● **The problem**: In the records below, locate the line containing "Oceaneva Deep Marine", then output that line and all later lines exactly, through the last one.

== Segment start ==

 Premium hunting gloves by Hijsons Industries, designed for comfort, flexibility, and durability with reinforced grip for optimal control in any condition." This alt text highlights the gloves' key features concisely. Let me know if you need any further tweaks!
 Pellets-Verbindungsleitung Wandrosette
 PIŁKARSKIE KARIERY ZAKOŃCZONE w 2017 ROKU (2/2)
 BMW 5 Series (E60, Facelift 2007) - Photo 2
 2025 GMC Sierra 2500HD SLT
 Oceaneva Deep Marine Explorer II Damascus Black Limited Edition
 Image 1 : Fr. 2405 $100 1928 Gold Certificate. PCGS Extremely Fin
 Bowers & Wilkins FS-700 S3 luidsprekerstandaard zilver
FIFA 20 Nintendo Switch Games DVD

== Segment end ==

● **Response area**:
 Oceaneva Deep Marine Explorer II Damascus Black Limited Edition
 Image 1 : Fr. 2405 $100 1928 Gold Certificate. PCGS Extremely Fin
 Bowers & Wilkins FS-700 S3 luidsprekerstandaard zilver
FIFA 20 Nintendo Switch Games DVD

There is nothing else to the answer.